In first Sunday address, Pope Leo XIV calls for ceasefire in Gaza, release of hostages

World News

Pope Leo XIV spoke directly about Gaza in his first Sunday address since being elected on Thursday, marking his first public comments as pope about the 19-month-old war between Israel and Hamas there.

“I am deeply pained by what is happening in the Gaza strip,” he said, according to translations of the speech, delivered in Italian at the Vatican. “May a ceasefire immediately come into effect. May humanitarian aid be allowed into the civilian population and may all hostages be freed.”

He also decried the war in Ukraine and praised the ceasefire, announced Saturday, in a conflict between India and Pakistan.
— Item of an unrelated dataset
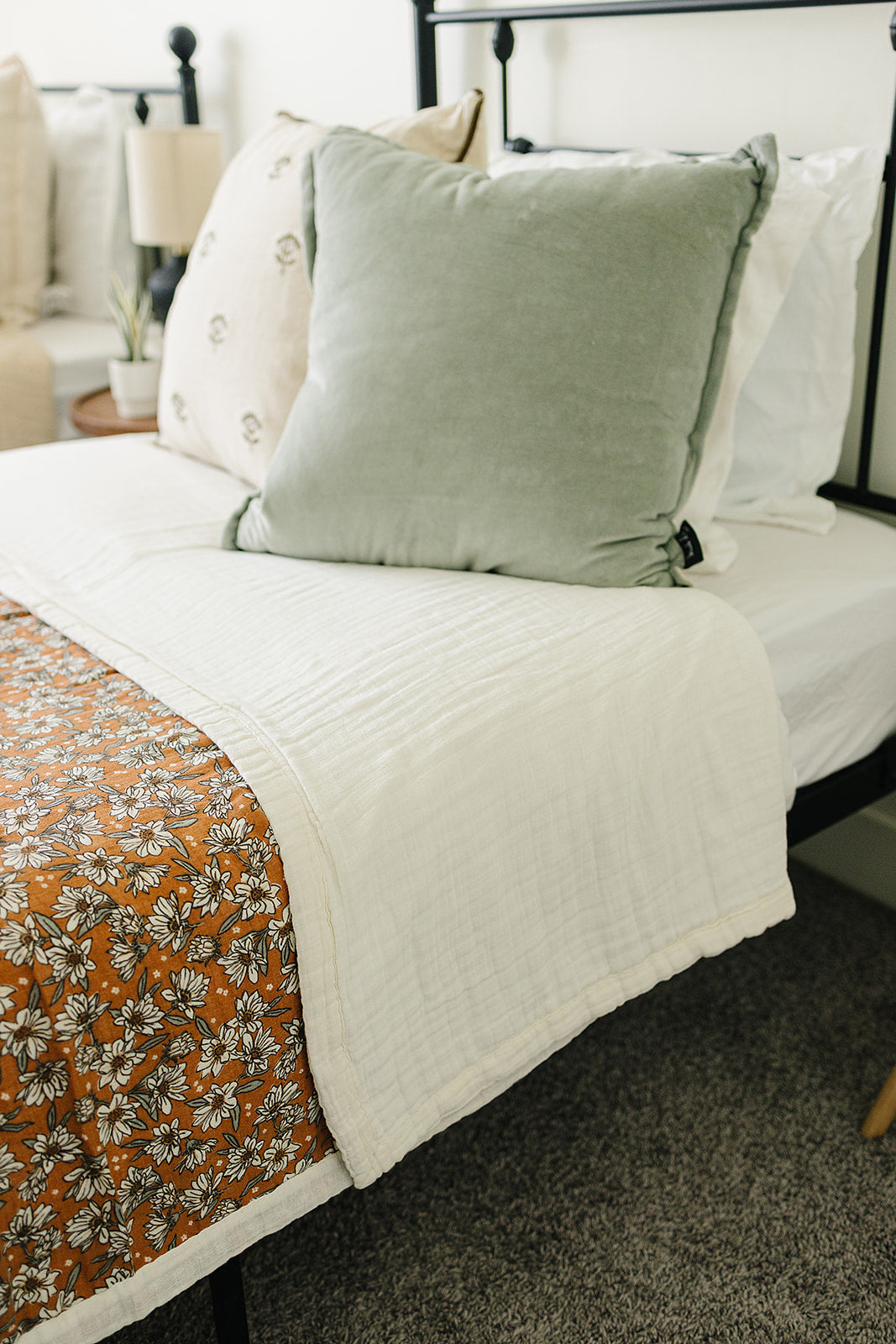 Magnolia Floral Twin Muslin Quilt - HoneyBug 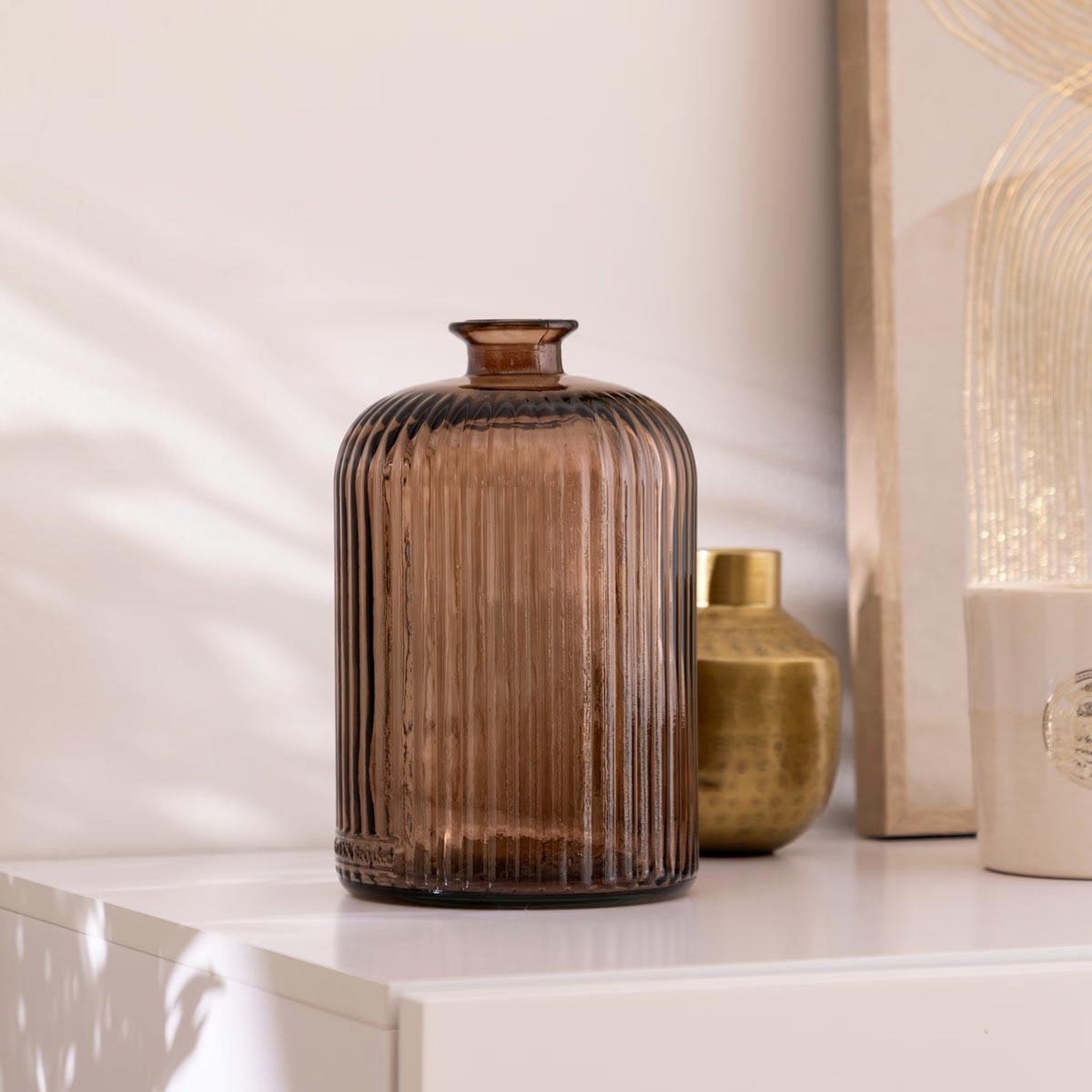 Voir la diapositive 3 : ATMOSPHERA Vase design en verre  luz  23cm marron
The speech — in which Leo proclaimed, “Never again war!” — and other moves by the new pope are being closely watched by supporters of Israel, many of whom felt alienated by Pope Francis’ response to the war in Gaza.

Francis also called for the release of the hostages, whom Hamas abducted from Israel, in his frequent calls for a ceasefire. But he also suggested that Israel could be guilty of “genocide” in Gaza and attended the inauguration of a nativity scene at the Vatican that positioned baby Jesus on a keffiyeh, or Palestinian scarf; last week, the Vatican announced that he had willed his popemobile to the children of Gaza.

On Thursday, after Leo called for peace in his first public address as pope without mentioning Gaza, Rabbi Noam Marans, the American Jewish Committee’s director of interreligious and intergroup relations, emphasized that such calls are standard fare from the balcony of St. Peter’s Basilica. “All popes want peace,” he said.